Dialogue should always match the characters' sociological/class background.
Dialogue should never convey expositional information. Dialogue should never be repetitious. Dialogue should never be flowery or ostentatious. Dialogue should never give information that can be conveyed visually.
Dialogue should never be obscure. Dialogue should never preach. Dialogue should never be intellectual.
Perhaps these "rules" have been proclaimed so often out of desperation. For my researches have consistently indicated that no matter how loudly they have been shouted, in actuality they have never been followed by American cinema. Some of the greatest films, from Ernst Lubitsch's and Preston Sturges's and Howard Hawks's come dies, to Orson Welles's intricate masterpieces, to the Coen brothers' cold satires, offer dialogue that is repetitious, flowery, obscure, "out of character," expositional, intellectual, abundant, even, sometimes, inaudible. Sometimes a short speech offers a surprising zinger; in other cases a long monologue allows for nuance or builds up a head of steam. Everything depends upon the individual movie and its aims. I offer hundreds of examples in the pages that follow.
Which is not to say that all film dialogue is equally valuable, or that films are not sometimes marred by weak dialogue, on the order of "I am Heathcliff." But so little serious work has been done on the subject that we do not yet have the tools for determining why one instance of dialogue is brilliantly successful and another leaden-footed. This study is meant to help us make aesthetic evaluations based on informed analysis.

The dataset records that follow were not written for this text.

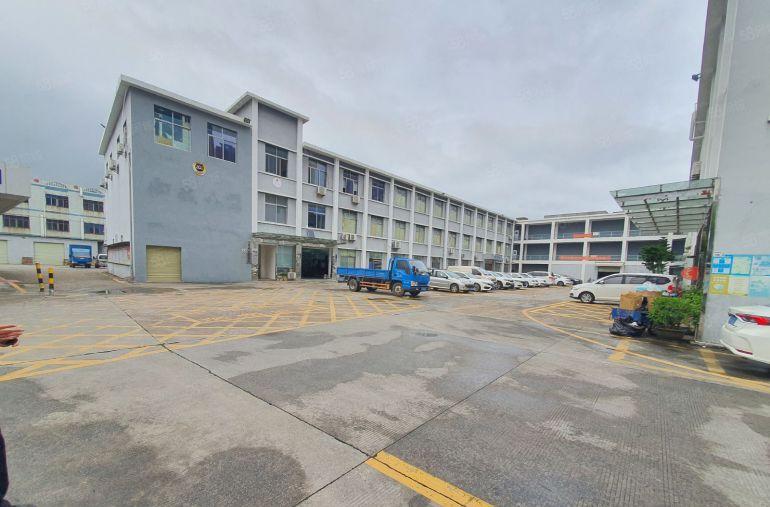 龙岗爱联新出楼上600平精装修办公室厂房仓库出租可拎包入住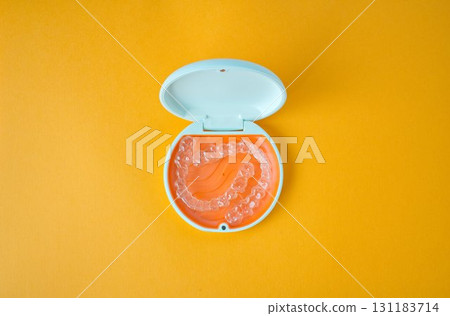 橘色和白色盒子，內含牙齒矯正器 131183714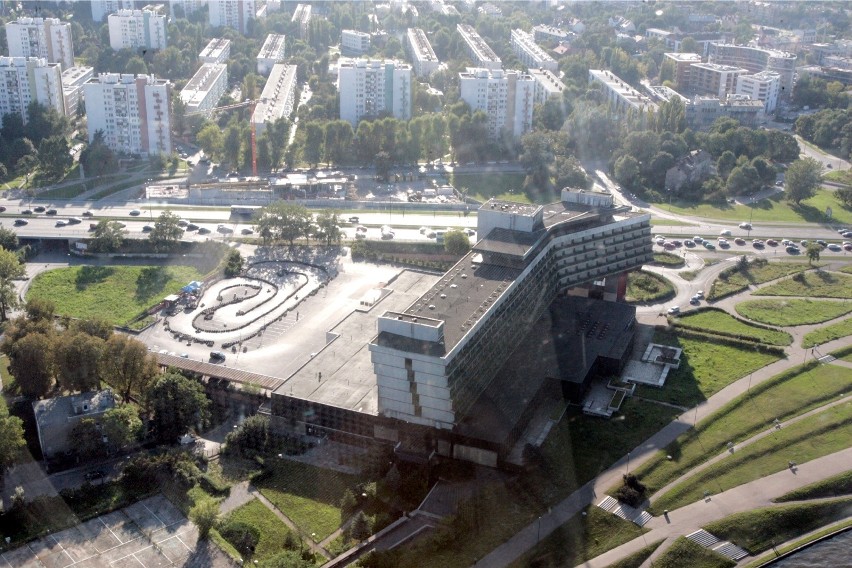 Kraków. Urząd zajmuje się wielką inwestycją w miejscu dawnego hotelu Forum, choć wnioskodawca nie ma prawa do terenu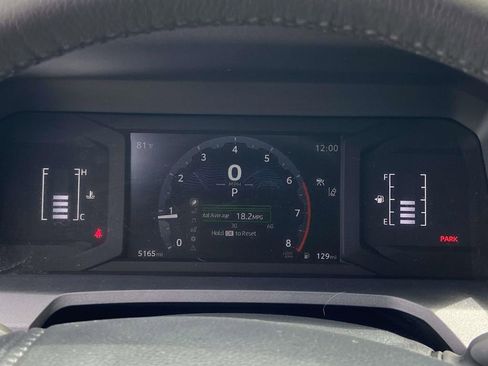 Used 2025 Toyota 4Runner SR5 AWD/4WD image 31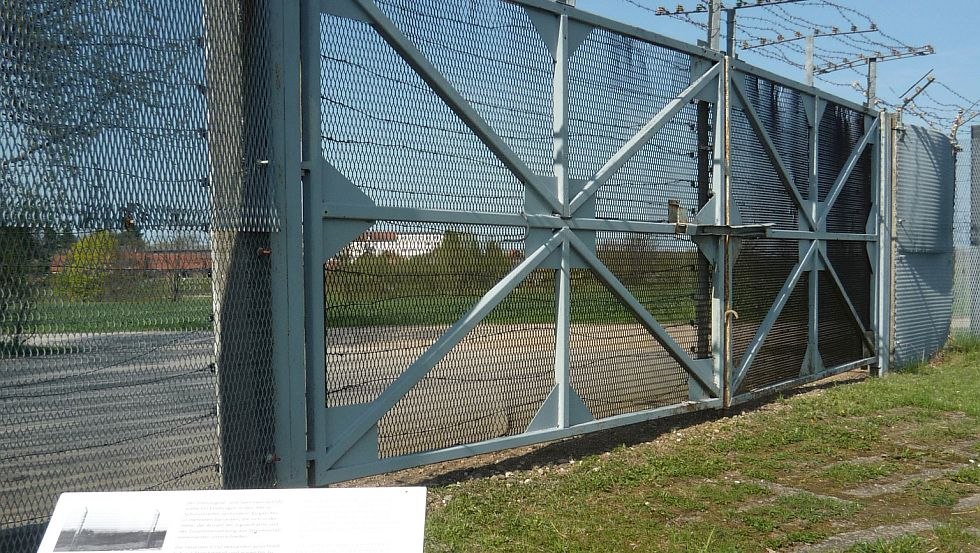 Section of the border signal and barrier fence on the outdoor area, © Politische Memoriale e.V.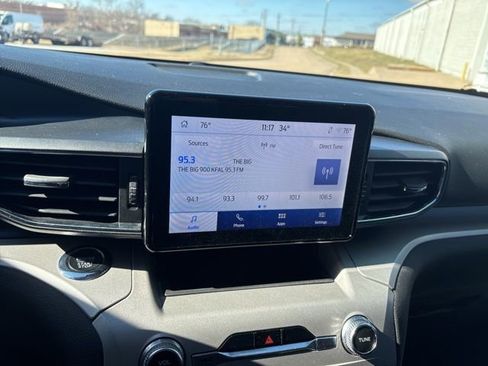 Used 2023 Ford Explorer XLT w/ Equipment Group 202A image 27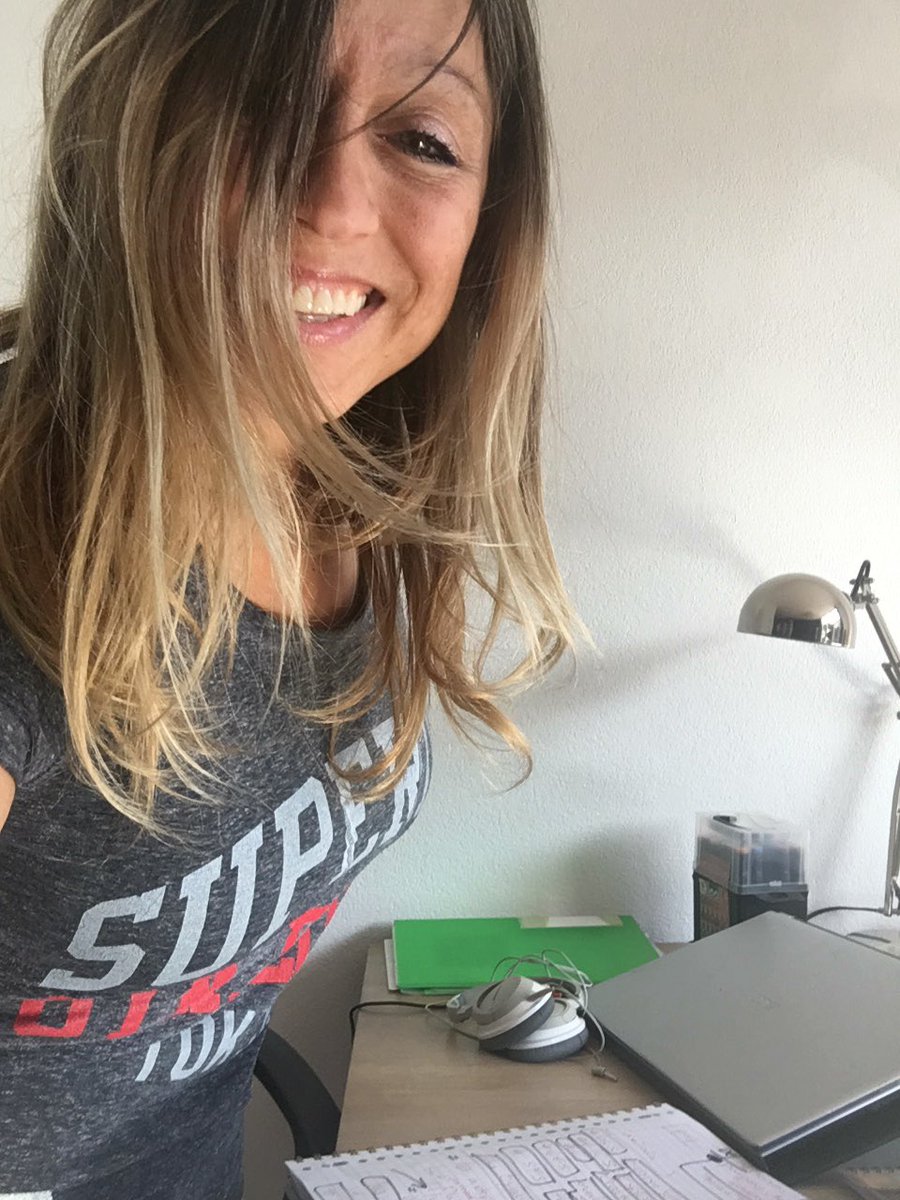 sarahsynergie's tweet photo. Behind the scenes #Blogging #repeatstylebloggers #EES evaluaties Experimentation Space #ToolsForInnovation https://t.co/4j6HA2BNFZ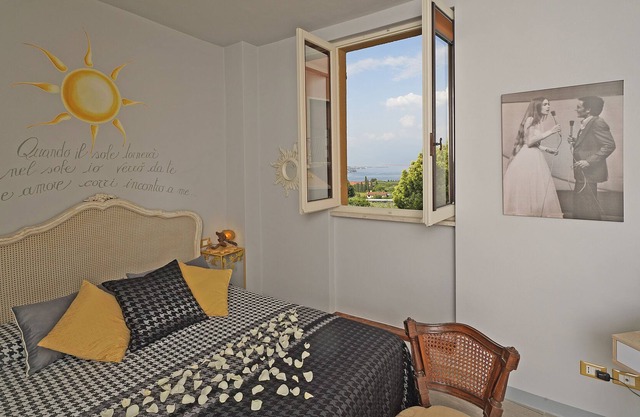 Apartamento en un antiguo pueblo con vistas al Golfo de Salò BS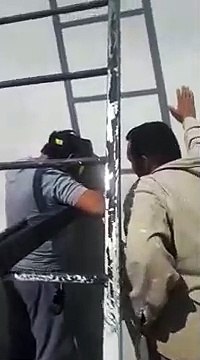 Les ouvriers les plus débiles du pays... Regardez la boulette qu'ils ont fait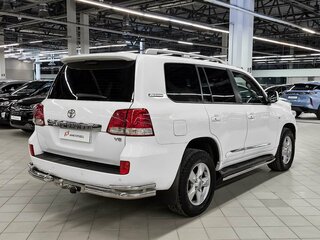 2011 Toyota Land Cruiser 200 Series, белый, 2803000 рублей, вид 3
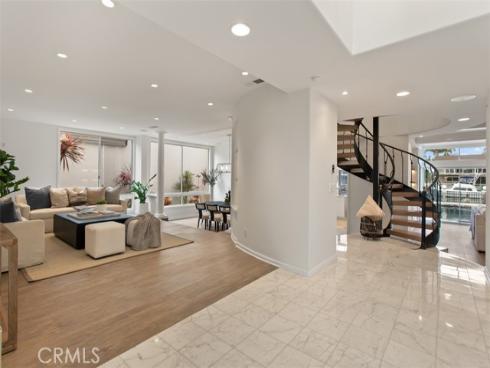 16201 Santa Barbara Lane, Huntington Beach, CA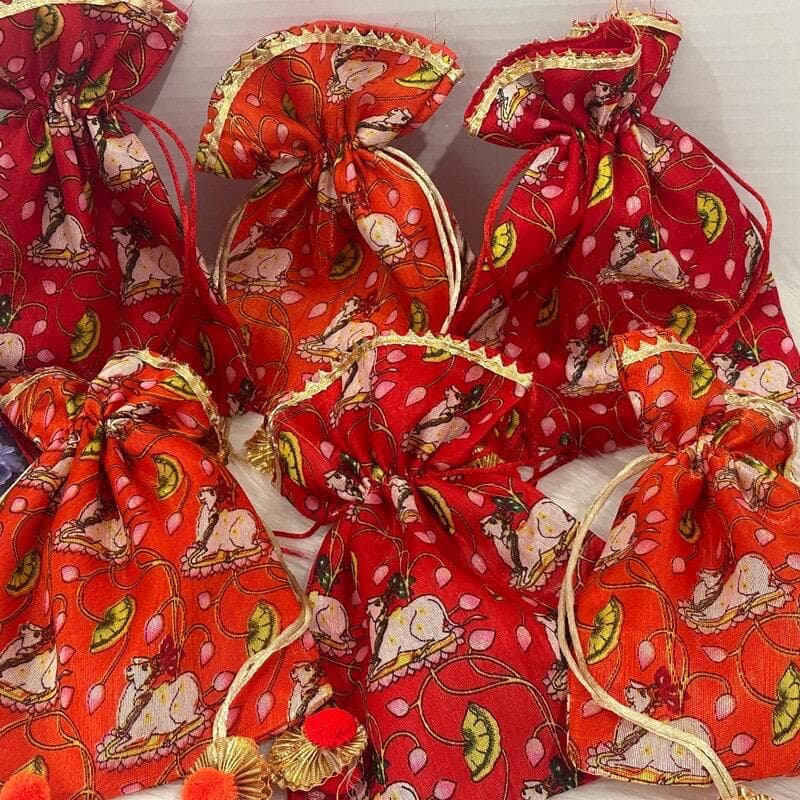 Pichwai Cow Return Gift Set USA | Brass Plate + Potli Bag + Haldi Kumkum | Indian Wedding Thamboolam Favor Bulk | Housewarming Gift — view 6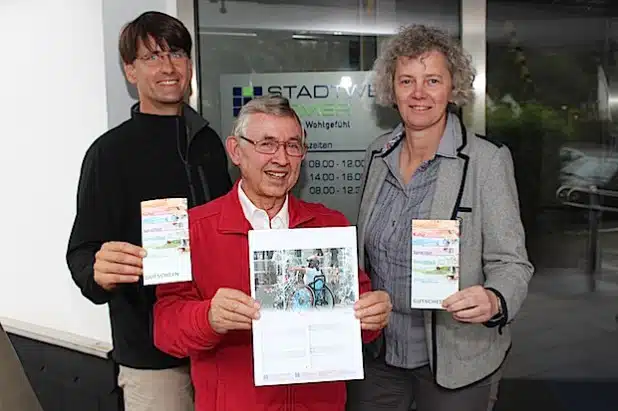 VHS-Leiter Achim Puhl und Stadtwerke-Geschäftsführerin Monika Otten beglückwünschen den Wettbewerbs-Sieger Rolf Bour (Mitte), dessen Gewinner-Motiv im 2015er SWH-Kalender zu sehen sein wird (Foto: SW Hemer).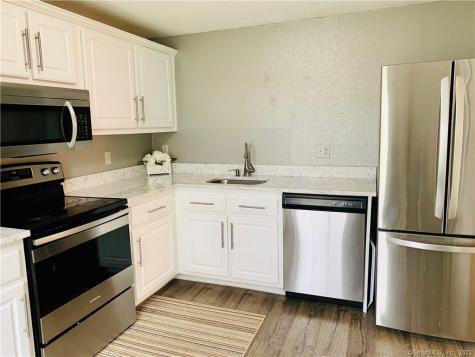 31 Heather Ridge Shelton CT 06484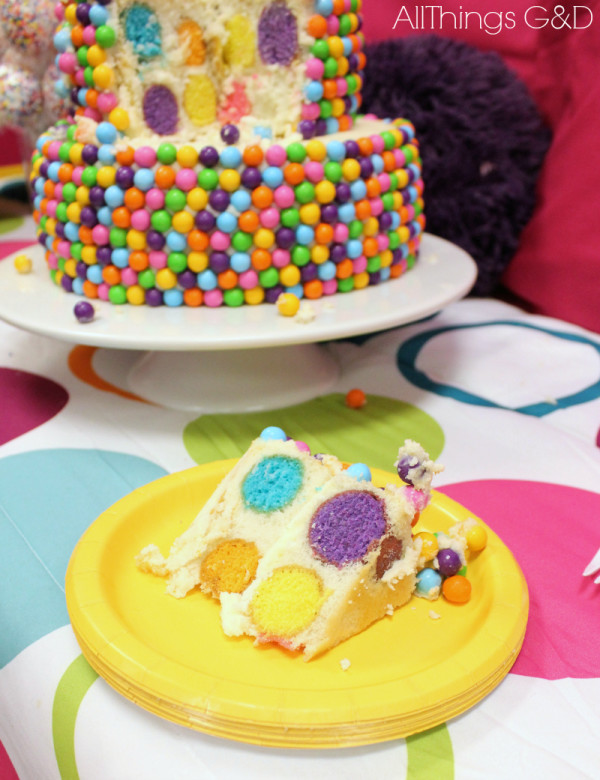Kate's Polka Dot Pajama Birthday Party - the inside of the cake has polka dots, too! | www.allthingsgd.com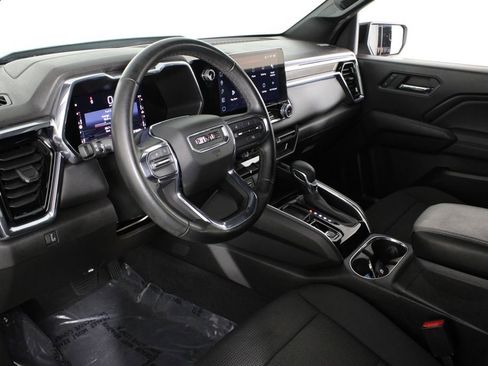 Used 2023 GMC Canyon Elevation image 16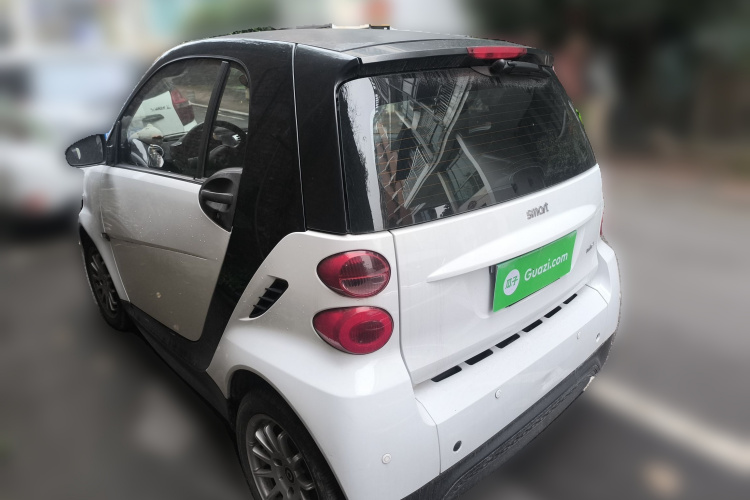 smart fortwo 2012款 1.0 MHD 硬顶标准版车身外观5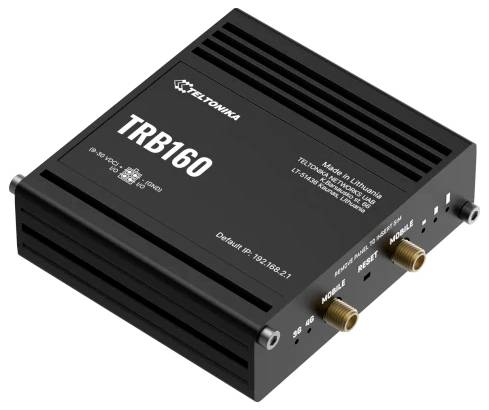 Egy fekete Teltonika TRB160 LTE átjáró eszköz több porttal és gravírozott szöveggel, amely a modell és a gyártási részleteket jelzi.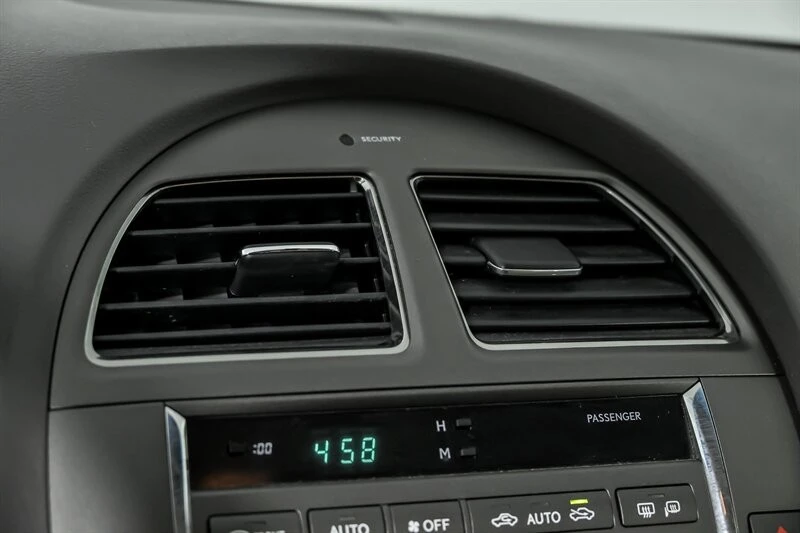 2012 Lexus ES 5th Gen - Image 30 of 31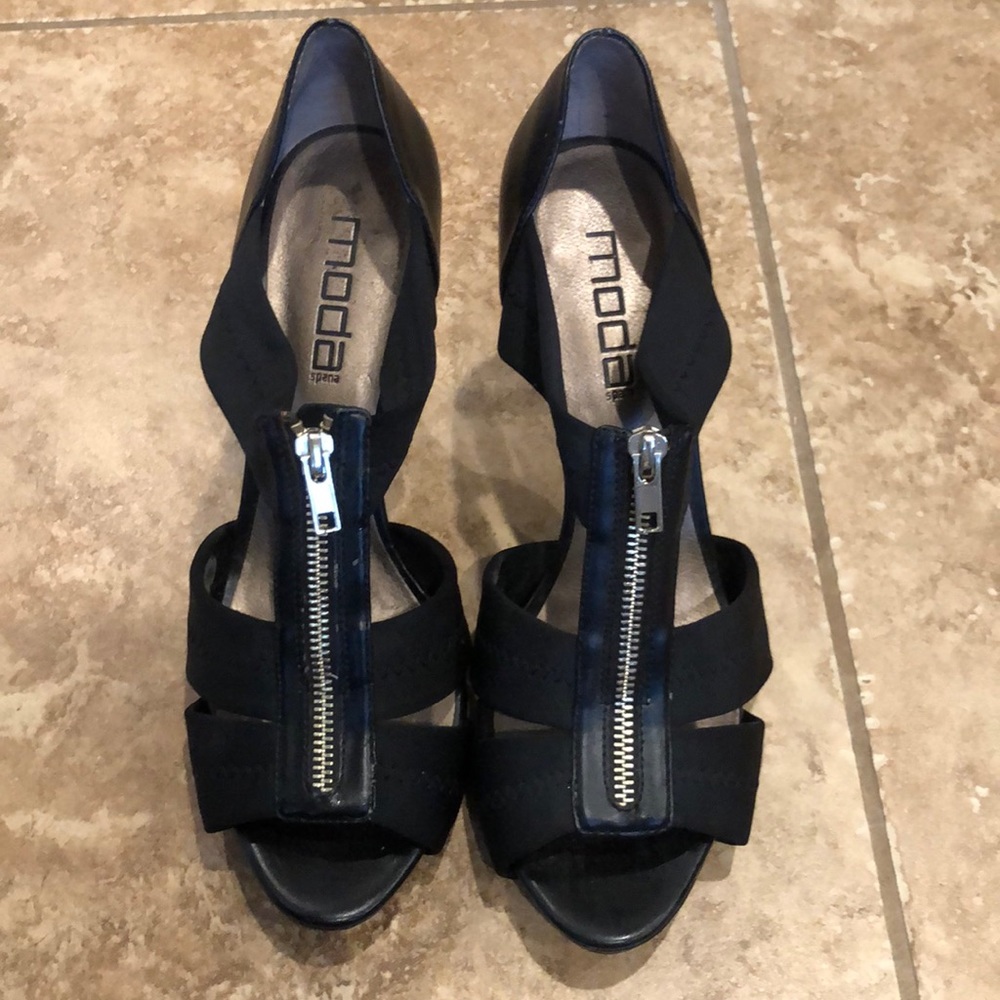 Cute black high heels with zipper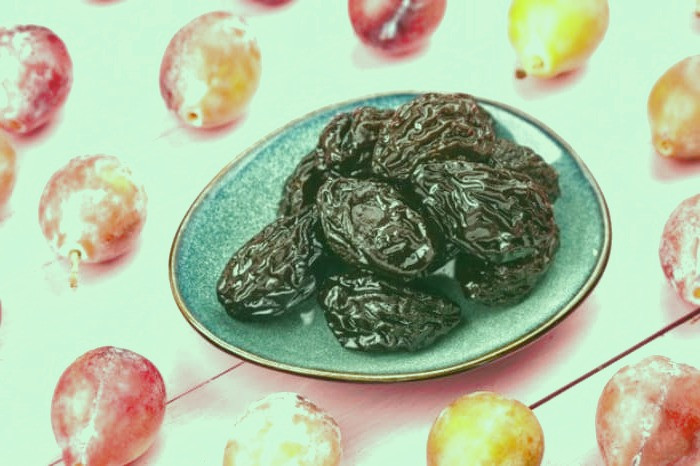 عوارض آلو برقانی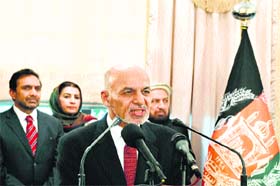 Afghan President Ashraf Ghani (centre) intends to test Pakistani "sincerity"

Critics who charge that dialogue is a vehicle for developing character psychology and thus the handmaid of a bourgeois humanistic ideology, are, in large part, correct. But whereas some condemn these ideological ramifications, I judge them a virtue. I believe that there is no more important a topic than people talking. Why is the loneliness of losing one's hearing universally feared more than the darkness of losing one's sight? Because talk provides the means for each of us to break out of our singularity and isolation into communion. Talk allows us an imaginative understanding of other worldviews, of other ways of being. Talk is our preeminent means of communicating. As Hannah Arendt has written, "We humanize what is going on in the world and in ourselves only by speaking of it, and in the course of speaking of it we learn to be human."52
Film dialogue is a particular kind of imitation of people talking. If we hope to understand either this art form or the broader landscape of American culture, unlike Heathcliff, we need to stay and listen attentively all the way through.